Needing both barf bags and an oxygen tank to get her to La Paz, Jane comes off the plane looking bedraggled and out of it, but she soon volleys enough to figure out the underlying problem of Castillo’s campaign. The candidate is elitist, out-of-touch and obnoxious, but rather than try to fix him, Jane realizes it makes more sense to change the conversation: Things are bad, and the times are critical, and the country needs an unlikable tough guy to fix things. The campaign’s brand, she decides, is crisis.

OBIC-DeAlmeidaSo far, so good, especially when it turns out that Jane’s longtime rival (and onetime lover) Pat Candy (Billy Bob Thornton) is running the campaign for Castillo’s most notable opponent. As the gringos play mind games — not to mention a series of escalating, nasty pranks — on each other, the horserace is on.

If this were a movie that wanted to be a realistic portrait of people who do dirty work and have no illusions about their jobs, “Crisis” might have had some salient points to make about political theater. (Think of the scene in “Broadcast News” where the reporters lob ethical challenges at each other, and none of them have any qualms about duplicity or shortcuts.) But no, modern audiences aren’t attuned to honest larceny, so instead we have to watch Jane pretend that she doesn’t care about the implications of her work until, uh-oh, she cares so very much.

The screenplay also throws in a sacrificial lamb: Eddie (Reynaldo Pacheco, “Beginners”), who was held as a baby by Castillo, completely (and naively) throws in his lot until a betrayal sequence that’s so overdone and unrealistically timed that the movie might as well show the candidate tying someone to a railroad track.

It’s hard to fit the film inside the oeuvre of David Gordon Green, mainly because he’s spent his career defying labels, having given us everything from the poetic “George Washington” to the rowdy and bawdy “Pineapple Express.” Sadly, it’s all too easy to recognize the handiwork of screenwriter Peter Straughan and producers George Clooney and Grant Heslov, who previously collaborated on the similarly unfunny and heavy-handed “The Men Who Stare at Goats,” another film that sought to score political points at the expense of characterization, comedy and coherence.

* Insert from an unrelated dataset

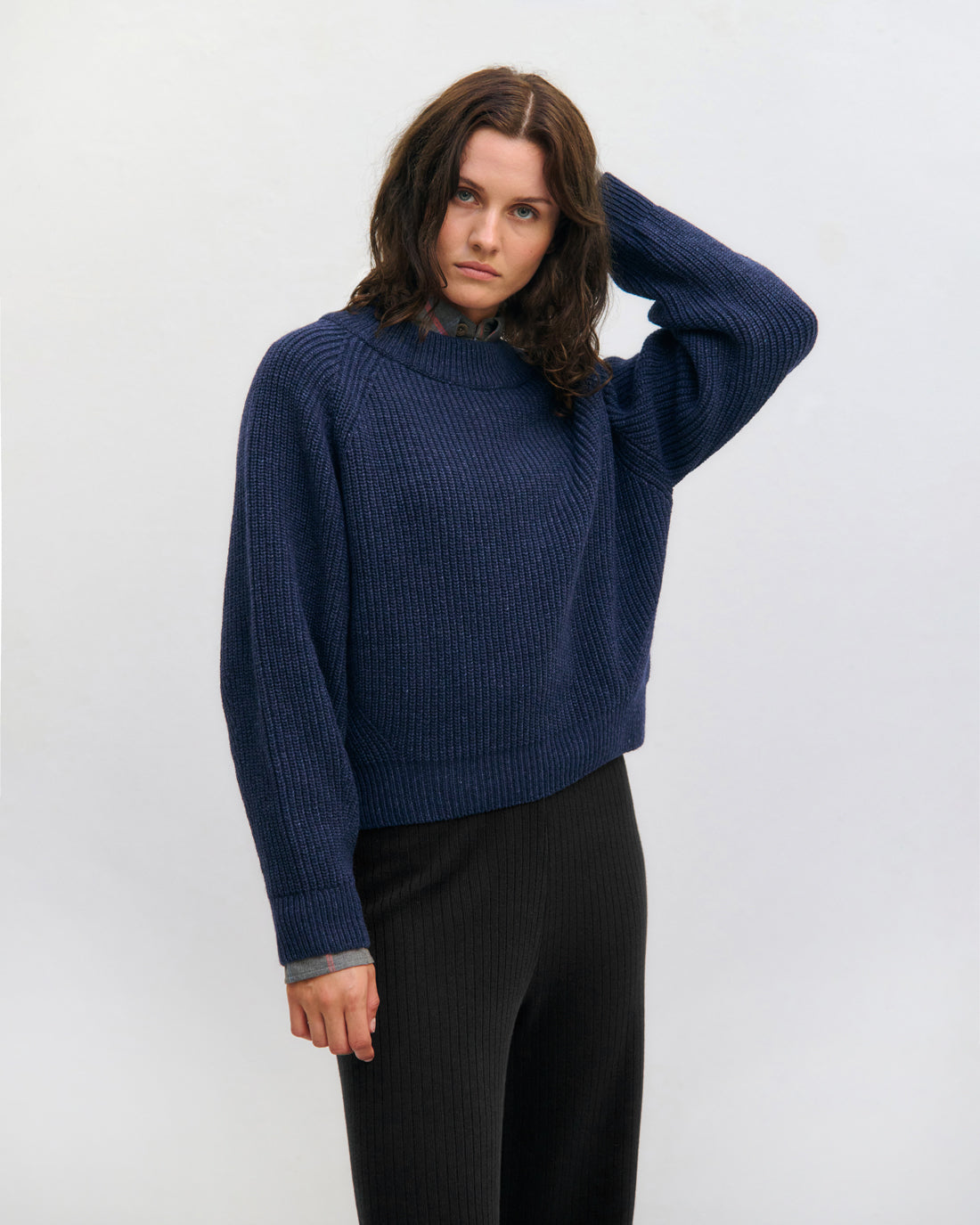 Dunkelblauer Strickpullover aus Recycelter Wolle von Rotholz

Bullock, to her credit, commits to the role, even with all of its weird contradictions and out-of-nowhere reversals, while Thornton unsurprisingly summons the spirit of James Carville, who was one of the main players in the “Our Brand Is Crisis” documentary. (Thornton previously played the Carville surrogate in the “Primary Colors” movie as well.) Zoe Kazan, perhaps because she’s playing the character least conflicted about her own nefarious deeds, steals every scene she has as Bullock’s shadowy aide-de-camp.

Green’s usual cinematographer Tim Orr makes Bolivia look both gorgeous and menacing, giving an otherworldly smokiness and blur to locations as varied as four-star hotels and crowded slums.

Even a better political satire would have a hard time keeping up with the bizarrely eccentric vaudeville currently taking place on cable news, but “Our Brand Is Crisis” can’t even come close.